Bible Readings for March 26th
In Exodus 37, we read about the construction of four pieces of furniture for the tabernacle: the ark of the covenant, the table, the lampstand, and the altar of incense. Today, we will explore the significance of the first three of these pieces of furniture. (For more on the altar of incense, see the meditation from Exodus 30.)
The ark of the covenant featured a cover called the mercy seat (Ex. 37:6) on which two golden cherubim sat.
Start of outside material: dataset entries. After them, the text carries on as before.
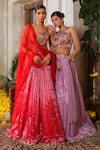 Buy_Anu Pellakuru_Red Embroidery Sweetheart Micro Pleated Bloom Waistband Lehenga Set 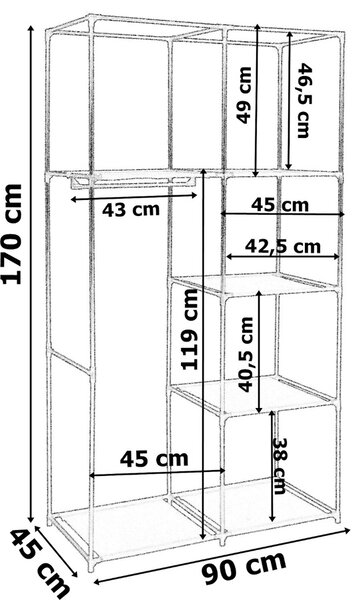 Tekstylna szafa z geometrycznym wzorem 45x12x4 P1-F70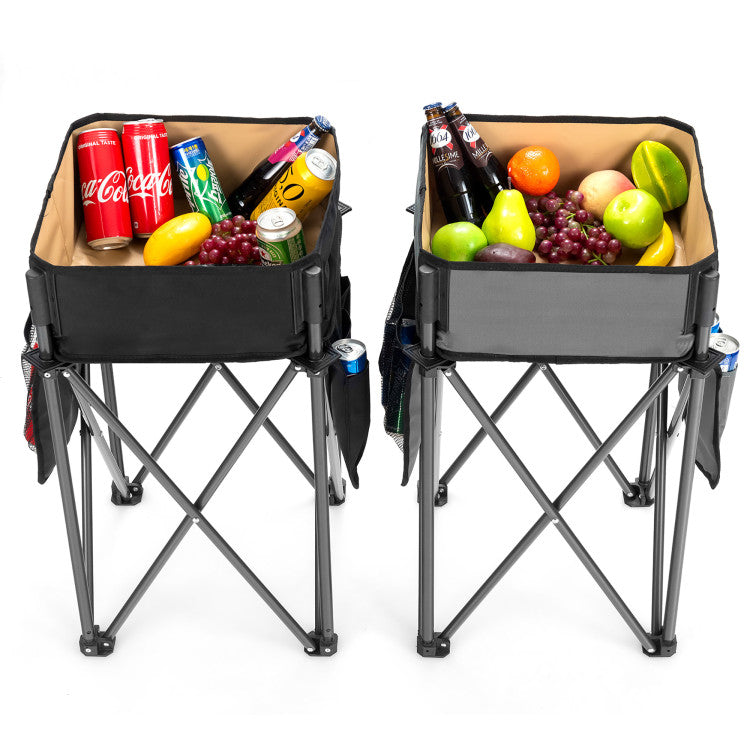 2 Piece Folding Camping Tables with Large Capacity Storage Sink for Picnic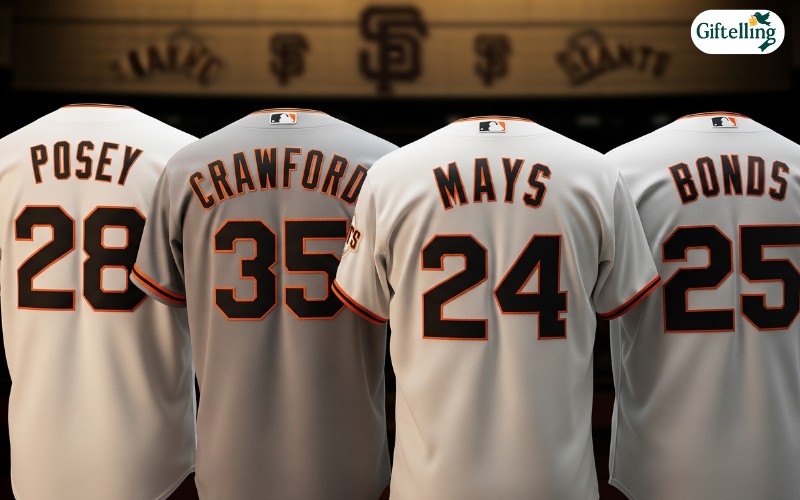 Popular Giants jersey numbers display showing Posey 28, Crawford 35, Mays 24, and Bonds 25 jerseys
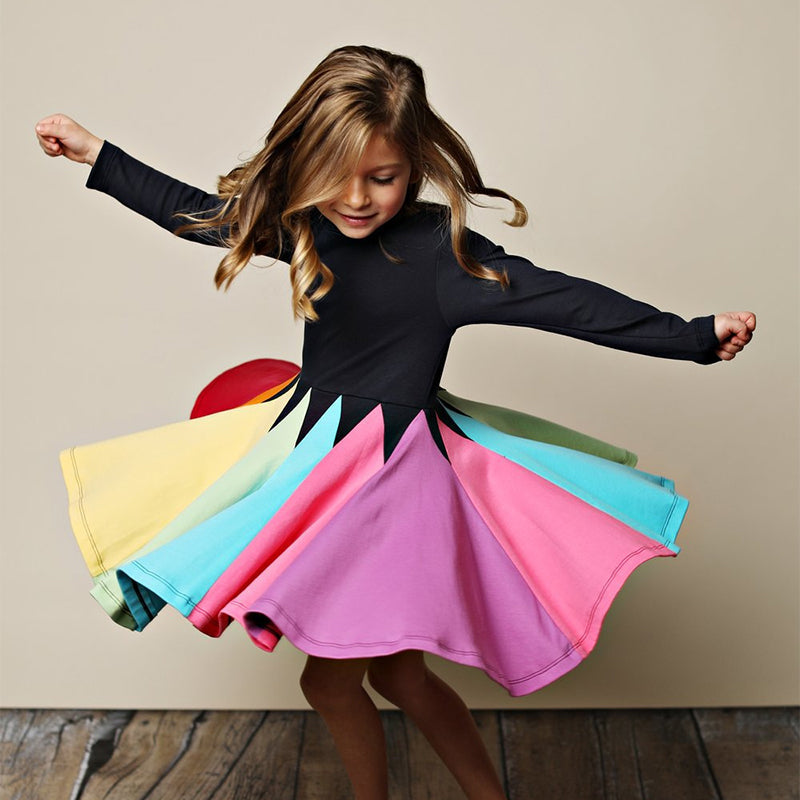 Round Neck Spelling Color Rainbow Princess Dress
For this reason, the ark of the covenant was the place where Yahweh was “enthroned upon the cherubim” (Ps. 80:1, 99:1) in his throne room on earth, the Holy of Holies.
Allen Ross points out that the ark of the covenant is both the place where the blood of sacrificial death was sprinkled on the lid to propitiate for the sins of Israel (Lev. 16:14) and also a symbol of life, since we read in Hebrews 9:3–4 that the ark contained tablets of the law (the way of life), a container of manna (God’s provision of life in the wilderness), and Aaron’s budded staff (a symbol of new life).1 So, Ross writes, “In the New Testament fulfillment of these things, Paul declares that God sent his Son to be the propitiation for our sins, so that through faith in his blood we might have the remission of sins (Rom. 3:25) and new life in him (5:17–19).”2
The table was the place where the priests would regularly place the bread of the Presence before Yahweh (Ex. 25:30), and it functions similarly to the lampstand, which was also to be lit regularly (Lev. 24:3). By laying out the showbread every Sabbath day (Lev. 24:8), the people of Israel acknowledged that God was the source of their physical (and spiritual) provision, and by lighting the lampstand regularly, Israel acknowledged that God was their source of light (and truth).
Jesus very deliberately, then, claims to be both the bread of God sent down from heaven (John 6:22–59) as well as the true light who has come into the world (John 1:9, 8:12). We come together to worship each week, recognizing that only Jesus can satisfy our hunger and quench our thirst. Furthermore, we listen intently to his word, recognizing that Jesus is the truth of God in the world (John 14:6).
The worship of the old covenant was true and good, but it was temporary and incomplete. None of the furniture of the tabernacle was sufficiently powerful to save anyone, but it accomplished a critical function by pointing forward to the One who would be powerful in himself to save the world.
Our study of the tabernacle should both deepen our worship of Jesus and make us all the more thankful that Jesus accomplished for us what the tabernacle could not.
1 Allen P. Ross, Recalling the Hope of Glory: Biblical Worship from the Garden to the New Creation (Grand Rapids, MI: Kregel, 2006), 195.